Classification of state-of-the-art spectral reconstruction methods.

Algorithm survey

Given the main principles, we divide the SR algorithms into two categories: prior-based and data-driven methods. Prior knowledge is the statistical information in the data to represent the inherent attributes and characteristics of the image. Among prior-based methods, they are classified into three types by the difference in their prior selections. We investigate various network models in the data-driven methods and categorize them into several groups, namely Linear CNN, U-Net model, GAN model, etc. The overall taxonomy of the algorithms to be analyzed are shown in Fig. 2.

Prior-based methods

The target is to reconstruct an HSI \(\overset{\sim }{\mathop {{{\textbf {H}}}}}\,\in {{{\mathbb {R}}}^{m \times n \times C}}\) from an RGB image \(\overset{\sim }{\mathop {{{\textbf {Y}}}}}\,\in {{{\mathbb {R}}}^{m \times n \times c}}\), where m and n are the number of pixels in the 2D spatial dimensions, C is the number of spectral band and c represents R, G and B channels. To simplify the process, we use a 2D matrix to represent the image, where \(\overset{\sim }{\mathop {{{\textbf {Y}}}}}\,\), \(\overset{\sim }{\mathop {{{\textbf {H}}}}}\,\) respectively are written as \({{\textbf {Y}}} \in {{{\mathbb {R}}}^{c\times N}}\) and \({{\textbf {H}}} \in {{{\mathbb {R}}}^{C\times N}}\), and \(N = m n\) is the total number of pixels within an image slice. In this case, each column represents one spectral curve, and each row corresponds to the reshaped image of one certain spectral band.

As we know that, each pixel in an HSI datacube represents a combination of different substances with certain proportions. Thus, the spectrum of each pixel is the linear combination of the basis spectra of those substances (also called endmember) and the corresponding proportions (called abundance), described as \({{{\textbf {H}}}_{i}} = {{\textbf {E}}}{{{\textbf {A}}}_{i}}\), where \({{\textbf {E}}}\) refers to the basis spectra matrix, and \({{{\textbf {A}}}_{i}}\) denotes the proportion vector on each pixel. The RGB image is obtained by applying the spectral response function (SRF) of the detector \({{\textbf {S}}}\) to the HSI, which is described as \({{{\textbf {Y}}}_{i}} = {{\textbf {S}}} {{{\textbf {H}}}_{i}}\) or \({{{\textbf {Y}}}_{i}} = {{\textbf {S}}} {{\textbf {E}}}{{{\textbf {A}}}_{i}}\). From this equation, recovering the spectral information \({{\textbf {E}}}, {{\textbf {A}}}_{i}\) from the RGB image \({{\textbf {Y}}}_{i}\) is an inverse problem, and the solution is not unique. In order to narrow down the solution space, we need to use prior knowledge as constraints. Therefore, computational reconstruction of HSIs from RGB images is essentially to solve the following optimization problem

$$\begin{aligned} \underset{{{\textbf {E}}}, {{{\textbf {A}}}_{i}}}{\mathop {\arg \min }}\,{{\left\| {{{\textbf {H}}}_{i}} - {{\textbf {E}}}{{{\textbf {A}}}_{i}} \right\| }^{2}}+{{\left\| {{{\textbf {Y}}}_{i}} - {{\textbf {S}}}{{\textbf {E}}}{{{\textbf {A}}}_{i}} \right\| }^{2}} + \lambda P \left( {{{\textbf {A}}}_{i,j}} \right) , \quad i,j=1,2\ldots ,N ~{\text{and}}~i\ne j, \end{aligned}$$
(6)

where \(P\left( {{{\textbf {A}}}_{i,j} }\right)\) is the prior term, and \(\lambda\) denotes the weighting factor. Prior knowledge about HSI usually includes sparsity29, spatial structure similarity30, correlation between spectra36, etc. Typical methods and their priors are summarized in Table 2.

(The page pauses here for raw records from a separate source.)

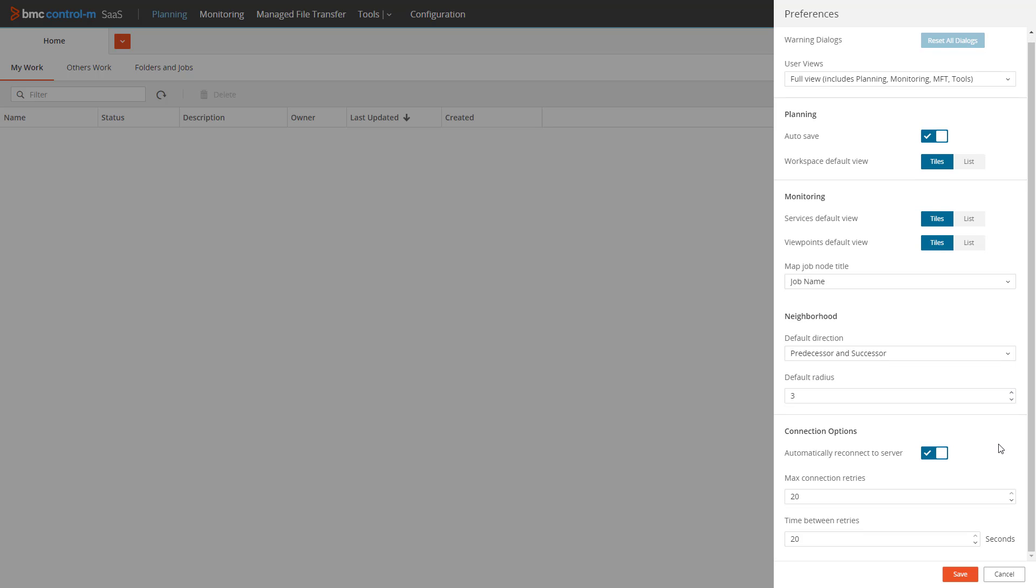We have the connection options section which sets the behavior in the event that communication between your client and tenant is disrupted. You can choose to turn off the automatic reconnection process by disabling the automatically reconnect to server option. If you choose to do so and are disconnected, you will be logged out immediately and will need to log back in once you are able to reconnect.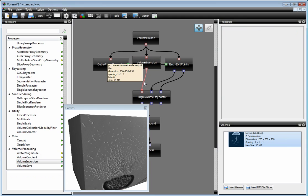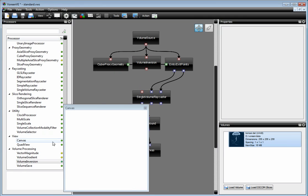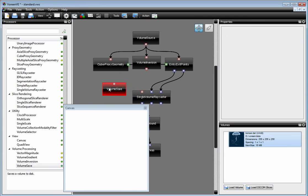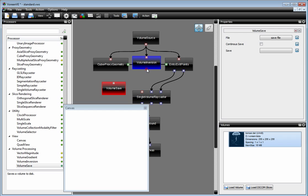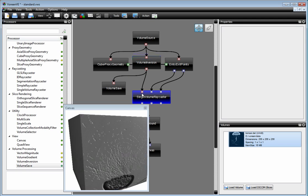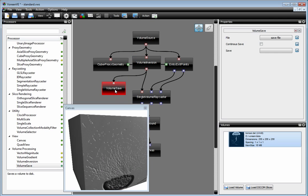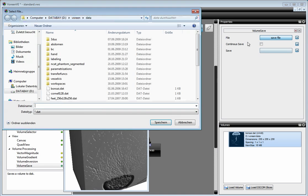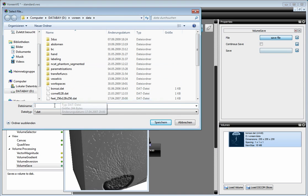If you would like to save this inverted dataset, you can use the volume save processor. Just drag it into the network and connect it here. And you still can connect it to the output. And then you can save this one wherever you would like.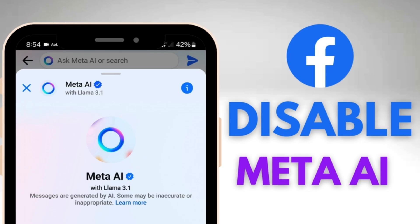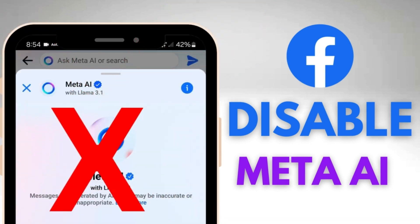Hi, welcome to Lala's World. Today's video is how to disable or turn off Meta AI notifications in Facebook.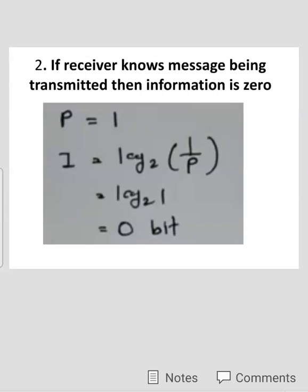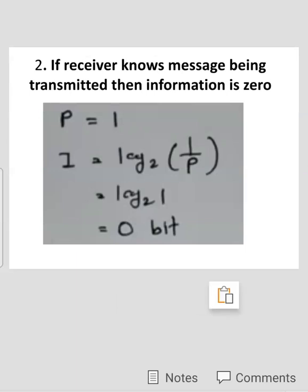The second property of information theory is: if the receiver already knows the message being transmitted, then the information is zero. Here p = 1, so putting it in the equation: I(k) = log base 2 of (1/1) = log base 2 of 1 = 0 bits. This proves that if the receiver knows the message being transmitted, the information content is 0. The next two properties will be discussed in the next lecture.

Table 2 An overview of prior-based spectral reconstruction methods.

Dictionary learning

Statistical analysis of HSIs shows that they are sparse in space and spectrum41, and the spectral information is expressed as a sparse combination of basis spectra. The dictionary is introduced to store the basis spectra E, and the coefficients (analogous to the proportions A) is further obtained by dictionary learning. The core of most dictionary learning methods is to solve the basis spectra or the spectral dictionary. Once obtained, it is projected into the RGB space via the SRF to form an RGB dictionary. The last step is to recover the spectral information of an input RGB image using the RGB dictionary. These methods may not work well when the SRFs have to be estimated. For example, the real SRF might be different from the vendor’s data, or it is absent when the cameras that take the RGB images are unknown. The finding of new prior knowledge, e.g., the spatial structure similarity and high correlation across spectra, is used as proper regularization, which leads to SR dictionary learning with enhanced performance.

Sparse coding

Sparse coding is a dictionary learning method that focuses on finding the basis spectra (spectral sub-dictionaries) and their coefficients to represent the latent HSI. As the basis spectra are overcomplete, the coefficients are guaranteed to be sparse. Based on this sparsity of HSI coefficients, Arad et al.29 proposed this method to obtain the spectral dictionary, according to the inverse mapping problem in Eq. (6). This method is fast when the dataset is small. As the dataset increases, the dictionary capacity can be enlarged; as a result, the reconstruction time is also prolonged. Nevertheless, this method does not take into account the spatial correlation, so the quality of the reconstructed image is limited.

SR A+

The SR A+ method proposed by Aeschbacher et al.42 is the same as the sparse coding method in obtaining the hyperspectral and RGB dictionaries. The difference is that SR A+ establishes the RGB-to-hyperspectral mapping in a local dictionary, but not a global one as in sparse coding. More specifically, it solves the mapping coefficients from neighboring anchor points by a least-square optimization, which runs faster with a higher accuracy. However, this method is also pixel-wise and does not consider the spatial structure similarity.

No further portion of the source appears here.